2019 steht landauf, landab im Zeichen eines berühmten Brandenburgers: Theodor Fontane. Da versteht es sich von selbst, dass jene Institution vorangeht, die sein Erbe verwaltet – archivarisch und wissenschaftlich. Am Theodor-Fontane-Archiv an der Universität Potsdam herrscht anlässlich von fontane.200 Hochbetrieb. Aber nicht erst seit Beginn des Fontane-Jahres. Matthias Zimmermann sprach mit Prof. Dr. Peer Trilcke, dem Leiter des Archivs, über große und kleine Projekte, die Neuentdeckung Fontanes als Medienarbeiter und die Möglichkeiten der Fontane-Forschung im Zeitalter umfassender Digitalisierung.
Wissenschaftliches Herzstück des Fontane-Jahrs ist der viertägige Kongress „Fontanes Medien (1819–2019)“. Was hat es mit diesem Thema auf sich?
Das gesamte 19. Jahrhundert wird gegenwärtig als modernes Jahrhundert neu entdeckt, das geprägt ist durch Globalisierung und Medien-wandel – von der Eisenbahn bis zu den ersten Massenmedien. Früher betrachtete man Fontanes Romane ohne zu berücksichtigen, dass sie alle als Fortsetzungstexte in Zeitschriften und Zeitungen erschienen waren, ehe sie in Buchform gedruckt wurden. Dass nun literarische Texte in die journalistische Alltagskommunikation eingebettet werden und ein erhabener Literaturbegriff damit verabschiedet wird, ist nur auf den ersten Blick ein Verlust. Denn die Forschung gewinnt einen viel besseren Einblick in das Wesen der Texte dieser Zeit: ihre Serialität, ihre Orientierung am Zeitungspublikum und auch ihre journalistischen Schreibformen – Züge, die für Fontane besonders bedeutungsvoll sind, weil er selbst lange Zeit als Journalist tätig war. Es gibt das ikonische Fontane-Bild von einem alten Mann am Schreibtisch, umgeben von Medien: Stifte, Zeitungen, Zettel, Zeitschriften, Bilder, Bücher, Briefe, Kladden und vieles mehr Fontane saß eben nicht an einem leeren Tisch und ihm flog die Inspiration zu – er steckte im Dickicht der Medien und sammelte Reize, Materialien, die dann in seine Texte eingingen.

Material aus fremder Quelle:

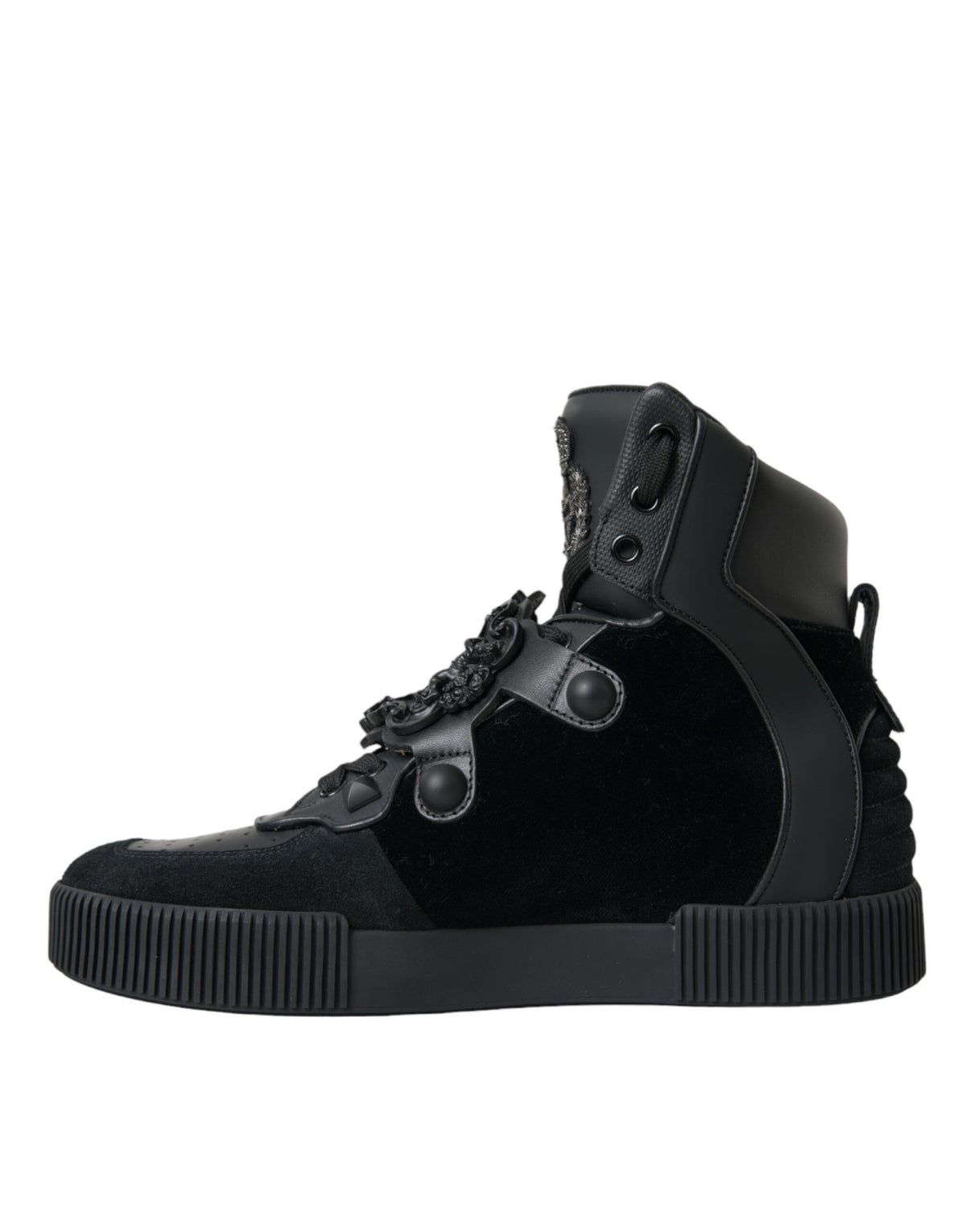 Dolce & Gabbana Black Logo Leather Miami High Top Sneakers Shoes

„Wie entstand die Literatur des 19. Jahrhunderts im Kontext der Medien?“ ist deshalb die zentrale Frage unserer Konferenz. Aber uns interessiert auch: Welche Bilder machen wir uns von Fontane, mit den Porträts, die wir immer wieder verwenden, aber auch in Filmen oder Theaterstücken? Das wollen wir bis in die Gegenwart treiben und fragen: Welches Fontane-Bild ermöglichen digitale Hilfsmittel?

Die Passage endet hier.